Source material START
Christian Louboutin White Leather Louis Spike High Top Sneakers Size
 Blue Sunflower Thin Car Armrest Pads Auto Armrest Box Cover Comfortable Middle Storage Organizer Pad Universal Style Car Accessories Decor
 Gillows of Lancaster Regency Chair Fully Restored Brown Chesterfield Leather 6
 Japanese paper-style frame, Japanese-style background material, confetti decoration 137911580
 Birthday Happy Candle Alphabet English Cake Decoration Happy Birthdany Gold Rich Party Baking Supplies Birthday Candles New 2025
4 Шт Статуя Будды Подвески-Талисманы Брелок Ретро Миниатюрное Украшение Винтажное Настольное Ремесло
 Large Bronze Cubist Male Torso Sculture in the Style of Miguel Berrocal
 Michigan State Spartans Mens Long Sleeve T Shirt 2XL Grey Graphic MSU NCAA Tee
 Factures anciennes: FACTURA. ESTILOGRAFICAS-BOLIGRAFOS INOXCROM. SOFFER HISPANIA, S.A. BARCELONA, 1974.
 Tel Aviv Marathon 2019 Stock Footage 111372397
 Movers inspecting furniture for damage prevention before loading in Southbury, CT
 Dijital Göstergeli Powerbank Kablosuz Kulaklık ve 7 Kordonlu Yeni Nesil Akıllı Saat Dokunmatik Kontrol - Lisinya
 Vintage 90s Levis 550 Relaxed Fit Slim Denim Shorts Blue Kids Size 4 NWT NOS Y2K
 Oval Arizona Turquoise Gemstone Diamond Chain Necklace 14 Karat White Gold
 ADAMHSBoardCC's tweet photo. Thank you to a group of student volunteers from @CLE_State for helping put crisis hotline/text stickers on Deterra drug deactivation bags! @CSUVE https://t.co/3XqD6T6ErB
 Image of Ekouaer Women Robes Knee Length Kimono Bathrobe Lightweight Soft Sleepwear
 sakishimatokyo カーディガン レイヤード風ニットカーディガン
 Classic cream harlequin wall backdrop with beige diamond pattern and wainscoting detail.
Source material END
- **Work request**
Please type the entries above out again exactly.

- **Written answer**
Christian Louboutin White Leather Louis Spike High Top Sneakers Size
 Blue Sunflower Thin Car Armrest Pads Auto Armrest Box Cover Comfortable Middle Storage Organizer Pad Universal Style Car Accessories Decor
 Gillows of Lancaster Regency Chair Fully Restored Brown Chesterfield Leather 6
 Japanese paper-style frame, Japanese-style background material, confetti decoration 137911580
 Birthday Happy Candle Alphabet English Cake Decoration Happy Birthdany Gold Rich Party Baking Supplies Birthday Candles New 2025
4 Шт Статуя Будды Подвески-Талисманы Брелок Ретро Миниатюрное Украшение Винтажное Настольное Ремесло
 Large Bronze Cubist Male Torso Sculture in the Style of Miguel Berrocal
 Michigan State Spartans Mens Long Sleeve T Shirt 2XL Grey Graphic MSU NCAA Tee
 Factures anciennes: FACTURA. ESTILOGRAFICAS-BOLIGRAFOS INOXCROM. SOFFER HISPANIA, S.A. BARCELONA, 1974.
 Tel Aviv Marathon 2019 Stock Footage 111372397
 Movers inspecting furniture for damage prevention before loading in Southbury, CT
 Dijital Göstergeli Powerbank Kablosuz Kulaklık ve 7 Kordonlu Yeni Nesil Akıllı Saat Dokunmatik Kontrol - Lisinya
 Vintage 90s Levis 550 Relaxed Fit Slim Denim Shorts Blue Kids Size 4 NWT NOS Y2K
 Oval Arizona Turquoise Gemstone Diamond Chain Necklace 14 Karat White Gold
 ADAMHSBoardCC's tweet photo. Thank you to a group of student volunteers from @CLE_State for helping put crisis hotline/text stickers on Deterra drug deactivation bags! @CSUVE https://t.co/3XqD6T6ErB
 Image of Ekouaer Women Robes Knee Length Kimono Bathrobe Lightweight Soft Sleepwear
 sakishimatokyo カーディガン レイヤード風ニットカーディガン
 Classic cream harlequin wall backdrop with beige diamond pattern and wainscoting detail.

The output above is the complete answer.